The note at the bottom of the page of that edition of the diaries (University of California Press, 1970) explains:
In other words, Mr Turner had a privy in his house which emptied into his cellar, and either his cellar was quite small or he hadn’t had it emptied for so long that it was brimming with shit — so much so that some had escaped into Samuel Pepys’ cellar.
Five days later, Samuel records that “This night the vault at the end of the cellar was emptied”, which must have been a great relief to all concerned.
On a… related note, if you should ever need to book a function room at New College, Oxford, you can book the Long Room. It’s quite a decent size; room for a grand piano. It does possess a slightly… subterranean air, though, does it not?
This building, you see, housed New College’s latrines. That is, they were on the storey above. The Long Room, directly below the latrines, gradually, and for many hundreds of years, filled up. Mollie Harris, author of the fine tome, Cotswold Privies, explains:
The ancient universities had some of the same problems. At New College, Oxford, the detached mediaeval building which housed the latrines still survives. Robert Plot mentioned the Long Room in his book, The Natural History of Oxfordshire, of 1677: ‘I hoped it not improper to mention a structure called The Long House.

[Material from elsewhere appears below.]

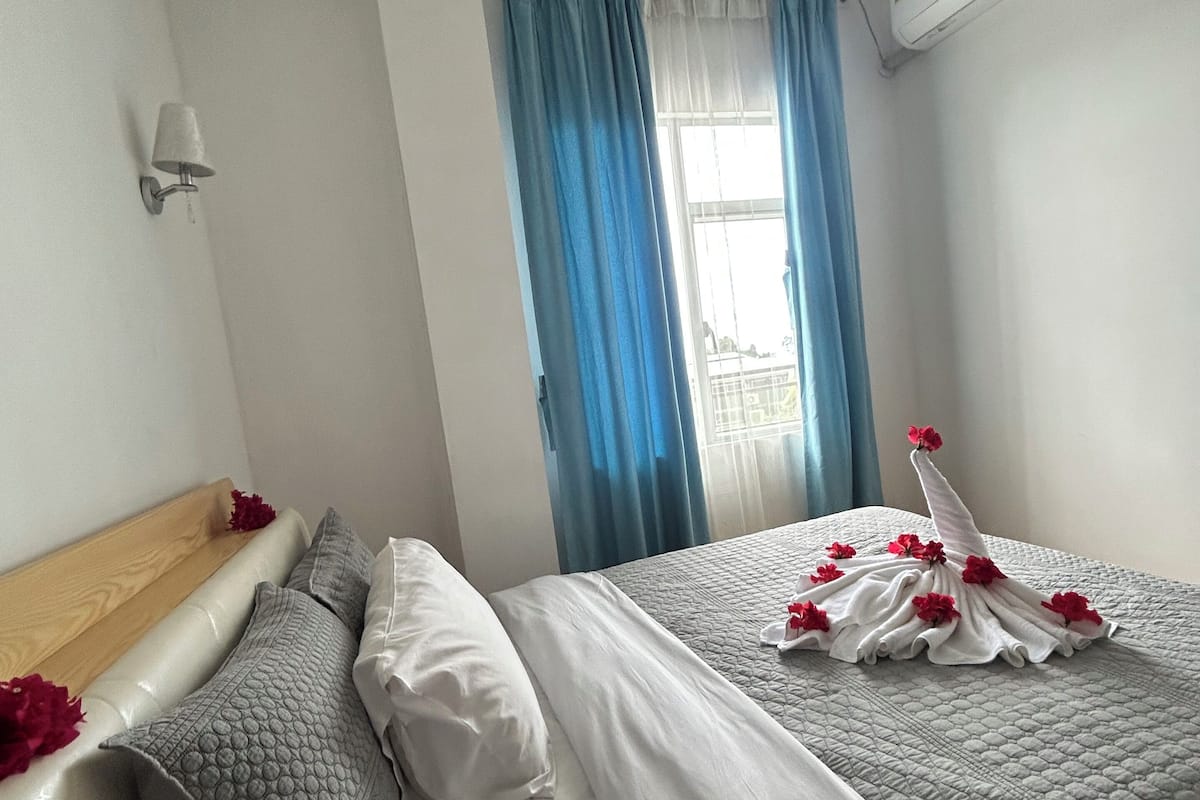Ein Hotelzimmer mit Bett, Kopfteil, einer Wandleuchte, einem Fenster mit blauen Vorhängen und einer Klimaanlage.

I could not but note it as a stupendous piece of building, it being large and deep that it has never been emptied since the foundation of the college, which is about 300 years since, nor is it likely to want it.’
In fact the fifteenth-century Compustus Rolls do record the occasion of cleaning out of the Long Room in 1485.
There, that’s a thing you know now (unless you did before). Either way, you really are most welcome.